I see Rasmussen is still in yellow. Hopefully Contador, Evans or somebody else can beat him before they get to Paris. The Tour doesn't need another controversial winner again this year.
Friday, July 20, 2007
Wednesday, July 18, 2007
"Finish each day and be done with it. You have done what you could. Some blunders and absurdities no doubt crept in; forget them as soon as you can. Tomorrow is a new day; begin it well and serenely and with too high a spirit to be encumbered with your old nonsense."
- Ralph Waldo Emerson
A nice quote I stumbled across recently. I'm usually pretty optimistic in the morning, especially if it's a nice summer day. I feel fortunate if that feeling doesn't get completely beaten out of me during the work day though. ;-)
The real point of this post is to talk about mountain biking fundamentals (really, the fundamentals apply to almost any type of cycling). I started by coming up with a list of what are probably "higher level" skills, these would include things like: climbing, cornering, riding over obstacles, etc.
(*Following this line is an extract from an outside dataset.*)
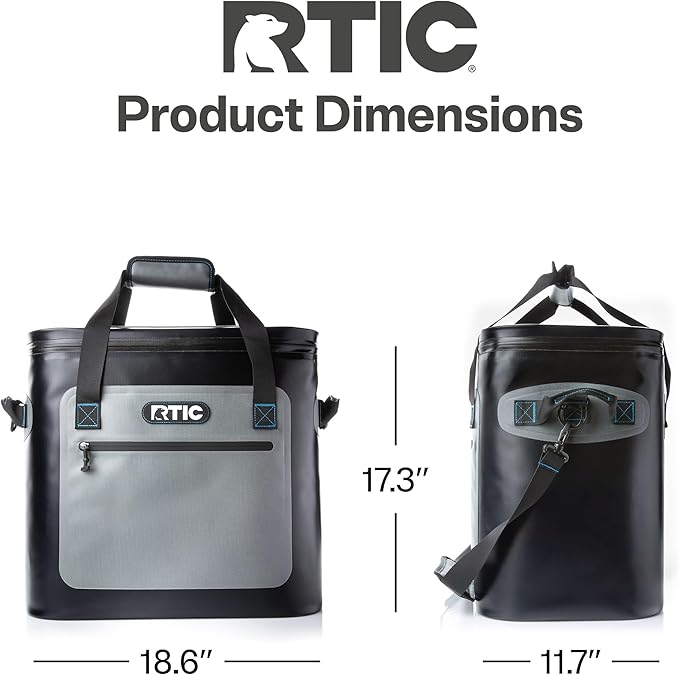 RTIC Ultra-Tough Soft Cooler 50 Can, Insulated Bag Portable Ice Chest Box for Lunch, Beach, Drink, Beverage, Travel, Camping, Picnic, Car, Trips, Floating Cooler Leak-Proof with Zipper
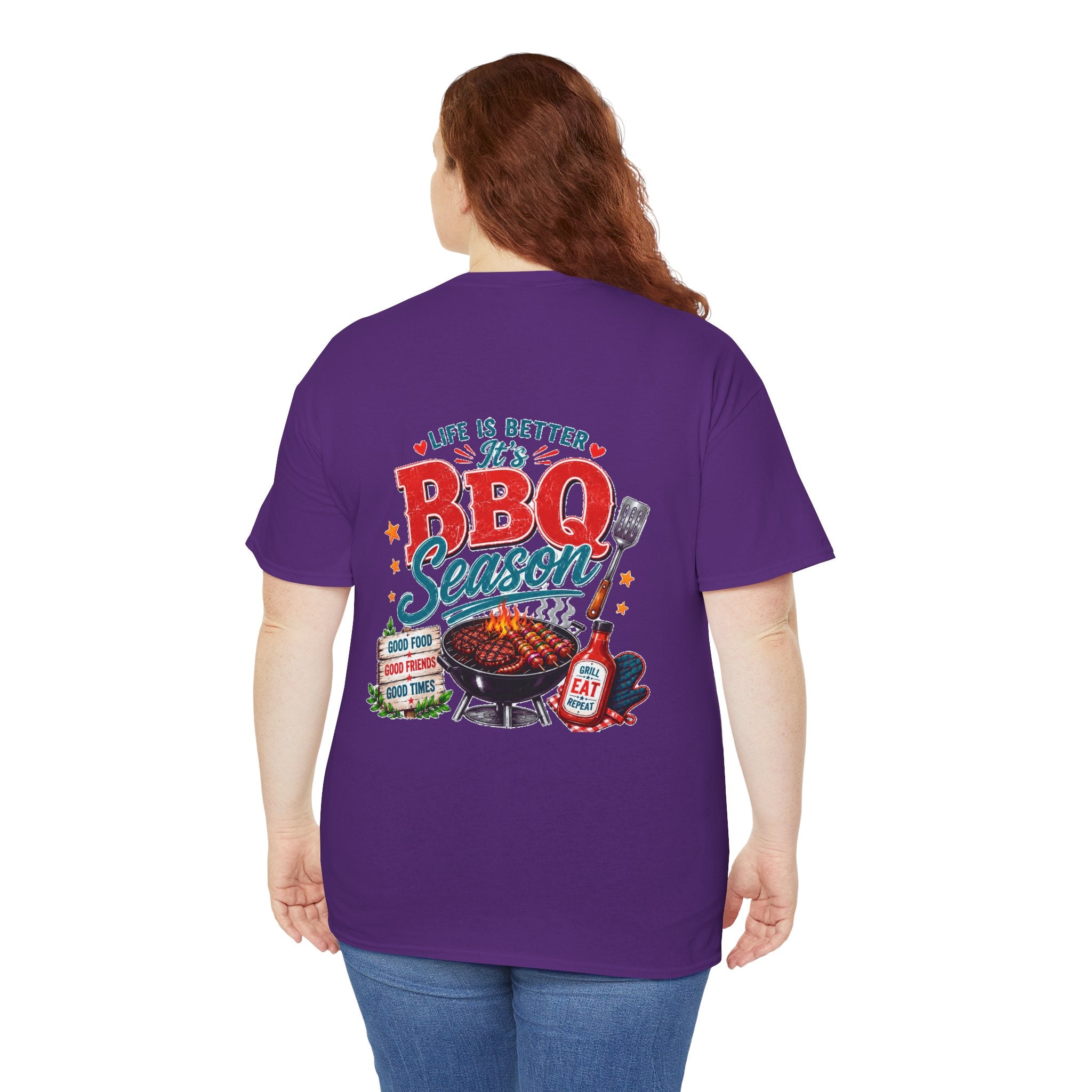 BBQ Season T-Shirt | Life Is Better It's BBQ Season Tee | Funny Grill Shirt | Summer Cookout Tee | Barbecue Lover Gift | Backyard BBQ Shirt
From this list, I boiled the skills down to three fundamentals:
1. Balance / Body Position
Of these three, Balance / Body Position is the most important. Basically every higher level skill is built off of good balance and correct body position.
So, I've been spending some time working on these fundamentals. I've dropped the saddle on my singlespeed and have been doing a bunch of different drills in my backyard. I haven't done too many sessions yet, and I haven't been out to the trail recently, so I can't say if this is really helping much, but it can't hurt and it's pretty fun. The most interesting thing I've found so far is that I actually can lift the rear wheel off the ground on a bike with flat pedals (leading eventually to a bunny hop). I'm just not very consistent with it yet.
Sunday, July 15, 2007
We passed the scene of what appeared to be a car/bicycle accident very early in the ride. I looked for some news on that this morning, but I didn't find anything; hopefully everything was OK there. The ride was otherwise pretty uneventful. I was pretty achey in a number of spots by the time we were finished, but I'm feeling pretty good today.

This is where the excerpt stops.